My Dad and I get really intense with the Buzz Lightyear game at Disneyland. I always lose. I blame the controller.

Clearly I can't complain, but I still feel bitter because I feel like I should be completing another internship this summer. However, after being $11,000 dollars in debt from my summer in Los Angeles, and then studying abroad in Spain and digging myself further into a debt hole, I decided that I should forgo an internship and get a job where I can earn money and start to save up in order to pay back those charming loans.

I am officially a nanny this summer for the same family I nannied when I was a freshman in college, and I can honestly say that it is a truly rewarding experience. There is something special that comes from watching children grow up and mature, and knowing that I've played a part in how they have grown up is indescribable altogether. 

I'm not saying that every day is a walk in the park, because I'm still dealing with kids and they are always full of surprises. Despite the fact that the kids are now two years older than my last summer with them, I still have to break up fights, act as a mediator, and come up with sufficient compromises. 

After being with the kids for almost three weeks now, I've discovered that my job as a nanny is more vital to my success later in life than I previously realized. A smile comes to my face when I realize that the toughest argument Will, the 12-year-old boy I nanny, has with is friends is over what would be the best super power to have in life. My smile grows when I watch Paige, the 9-year-old I nanny, try to create a pulley system with a hanger and duck tape for an hour and then use a tennis ball and blanket to transform into my fortune teller. 
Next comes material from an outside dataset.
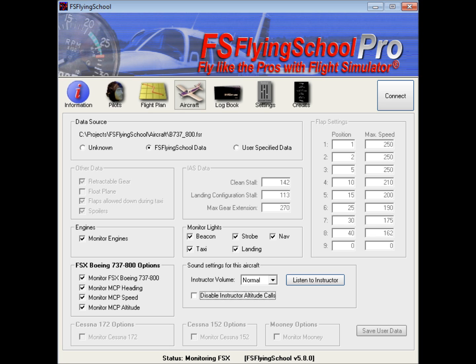Then we get into four areas that are for specific aircraft: here we have the Boeing 737, the Cessna 172, the Cessna 152, and the Mooney Bravo. These options become enabled when we are flying that particular aircraft. At the moment, we are connected in FSX to the FSX Boeing 737-800, and therefore these options are available. If we were flying a different plane, they wouldn't be available. We can see that these other options are not available because we can only be flying one plane at a time, and right now we're flying a Boeing.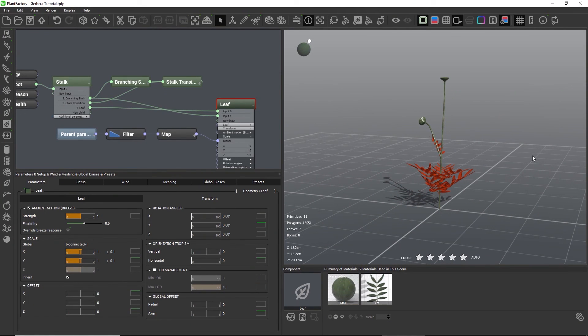This concludes the creation of the leaves. In the next lesson we will finish the modeling and add blossoms to our flower.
These observations all come down to one thing: imagination. Kids have this amazing ability to enjoy life and to have fun that I find adults often forget. Being able to step back from the stress and strain of schoolwork, job searches and the task of packaging myself to employers and simply being a kid again has sparked a new light in me that I haven't seen for a while. I have the freedom to play and be silly. I have endless opportunities to smile and laugh. I have now found the ability to become entertained by blowing bubbles for two hours straight.

So here is a message to my friends who have their dream internships this summer: don't forget what is really important in life. You often find yourself so caught up in climbing the ladder and "making it" in the real world that you don't remember how to let go and simply enjoy life. 

I may be a step behind by not having an internship this summer, but I have found something much greater, and that is pure bliss.